A CGI that creates a simple text counter is provided on your CD-ROM. This counter is very simple to set up. Here are the steps:

  1. Copy the CGI script (counter.pl) into a working directory.
  2. Follow the instructions in the readme file contained in the same directory.
  3. Add the code for the counter into your HTML file. It should look something like this (with your own URL of course):
  4. <!--#exec cgi="http://www.hampton.org/scripts/ textcounter/counter.pl"-->
  5. Upload your CGI script and your HTML file (see Figure 24.1) to the server.
  6. Test, test, test. If you have any trouble, refer to Matt's Web site at
  7. http://www.worldwidemart.com/scripts/textcounter.shtml

Figure 24.1. A simple text counter.

If you are interested in creating a more complex, odometer style graphical counter (see Figure 24.2), you can refer to Matt's graphical counter at




http://www.worldwidemart.com/scripts/counter.shtml.

Figure 24.2. A more complex graphical counter.

There are also many other references online for counter creation.

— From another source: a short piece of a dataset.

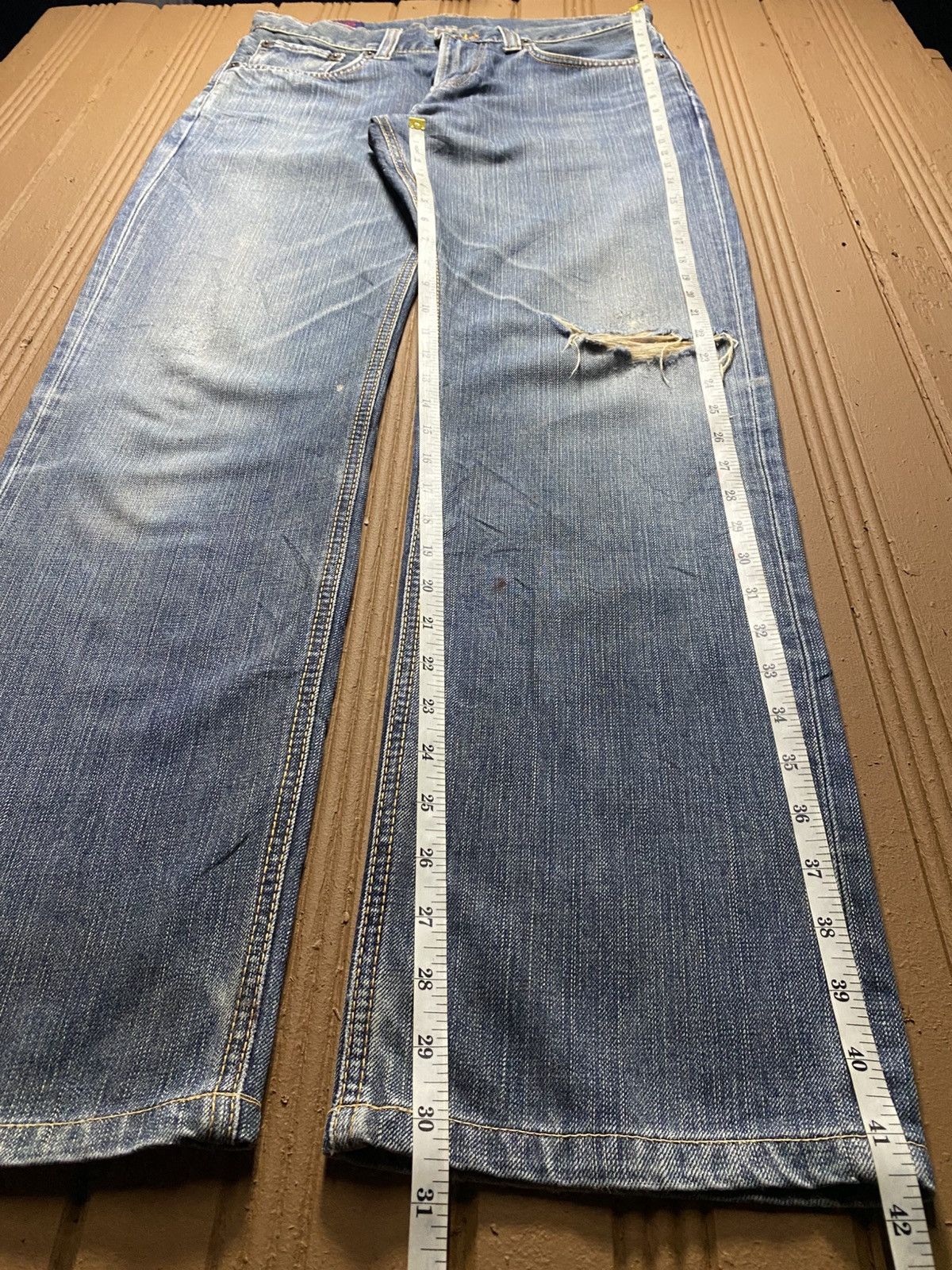 Japanese Brand Vintage Edwin 503 Premium Japan Distressed Loose Jeans Size US 32 / EU 48 - 15 Thumbnail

The only times we have used counters are when clients have demanded them, and we're usually successful at talking clients out of this. Again, you wouldn't answer your phones by telling people that they're the twenty-five thousandth caller.


Note

A counter might be a good alternative if you have a client who calls you daily to check on their hit count. You may even wish to have one page being counted, and another containing the display. This way you can have an easy reference for your client without having a counter display on the home page.

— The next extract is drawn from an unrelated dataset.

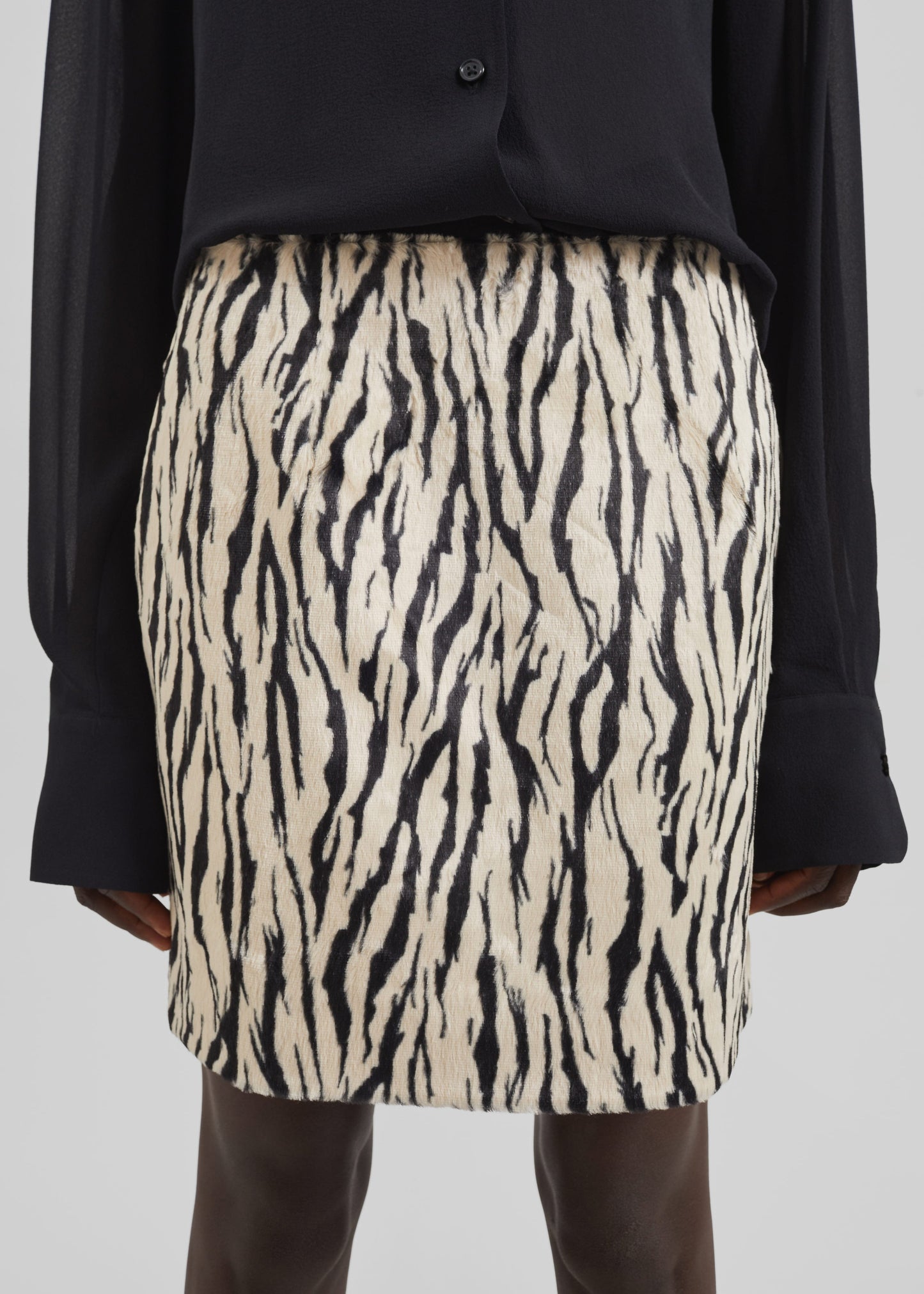 Rotate Printed Faux Fur Skirt - Egret Comb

Using Access Logs for Site Analysis


Using access logs to track your site is by far the best option. Access logs not only tell you how many times your site has been accessed, they contain other valuable information as well.

What Are Access Logs?


When a viewer visits your site and requests a document, a record of that request is written into a log by the Web server. Most servers support the CLF (Common Log Format). This format was derived from an old version of the NCSA Web server in order to keep simple request information; it was not designed for in-depth site analysis. The CLF contains only the viewer's hostname, the HTTP requested from your server (containing the URL), the time and date of the request, a return code for the request, and the number of bytes returned.

An access log consists of line of text that look like this:




lucifer.me.wig.org - - [07/Aug/1996:15:31:32 -0700] GET /graphics/banner.gif HTTP/1.0" 200 3021

This shows an access from host lucifer.me.wig.org on August 7, 1996 at 3:31 PM PST requesting the document /graphics/banner.gif using the usual GET method. The server returned an "OK" status code of 200, then transferred 3021 bytes of data.


Note

The -0700 following the date is telling you that the local time zone is seven hours earlier than Greenwich Mean Time, in this case Pacific Standard Time.

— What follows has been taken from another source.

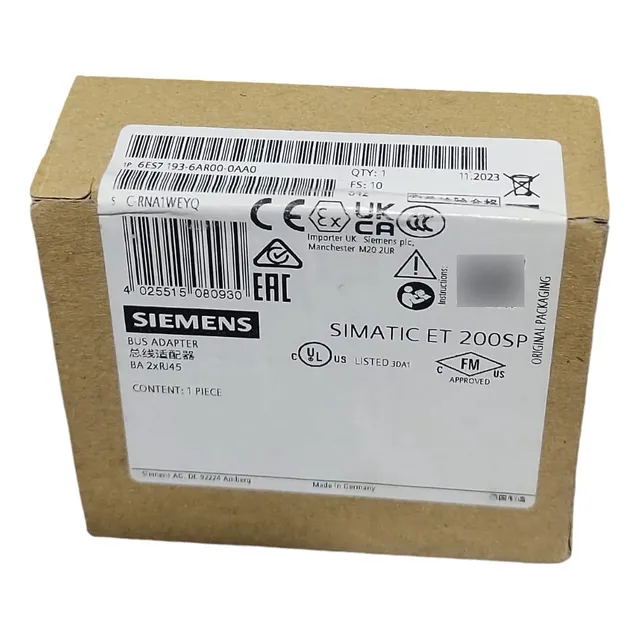 Siemens 6es7193-6ar00-0aa0 Bus Adapter Ba 2xrj45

For most commercial purposes, you will want some additional information, which is why many servers also support the new Extended Common Log File (also from NCSA), and/or their own additional extended log formats. Extended log formats record additional useful information. Most often these extended log formats include information like the name of the viewer's browser and a field indicating which Web page referred the viewer to the site (where they came from).

Interpreting Log Files


Access logs are very complex; although you can read through them, they might make little sense unless you use a product developed to translate these logs into another format.

Figure 24.3. A "raw" access log as viewed through Notepad.

Products for this purpose can directly extract or interpret your log file data into different categories. Commonly available categories include hit counts for each file, breakdowns of requests based on hostname (or IP address), server performance statistics, where the viewer came from (the referring URL), and often an analysis of the correlations between these categories.

On Your Own Server

If you are using your own server, there is most likely a special program already residing on your system for viewing your site statistics. Check your server's manual for information on setting this up. If you have no luck there, try your server manufacturer's Web site.

If your server did not include an application for this purpose, there are add-on software solutions available to you. Commercial software tools like Marketwave Hitlist (see Figure 24.4), net.Analysis, and WebReporter are available on various platforms, allowing on-demand analysis of your Web site by generating detailed reports. Some of these products even enable you to "zoom in" on information in order to generate even more detailed reports. A listing of these types of applications are maintained by Yahoo at




http://www.yahoo.com/Business_and_Economy/Companies/Computers/Software/Internet/World_Wide_Web/




Log_Analysis_Tools/

Figure 24.4. The Marketwave Hitlist report dialog box.

Through Your Virtual Host

If you are using a virtual host that offers online site statistics, this will be your best option for seeing who is accessing your pages. Simply e-mail your host, asking where your statistics are located. Most ISPs that offer hosting services will have anticipated your needs and developed user-friendly access log reports, as shown in Figure 24.5.

Figure 24.5. A sample of an online site statistic report via a virtual host.

Dealing with Raw Access Logs

If you're not fortunate enough to be using a host that offers online site statistics, it will be necessary to gain access to your "raw" access logs. Your host will know where these are located.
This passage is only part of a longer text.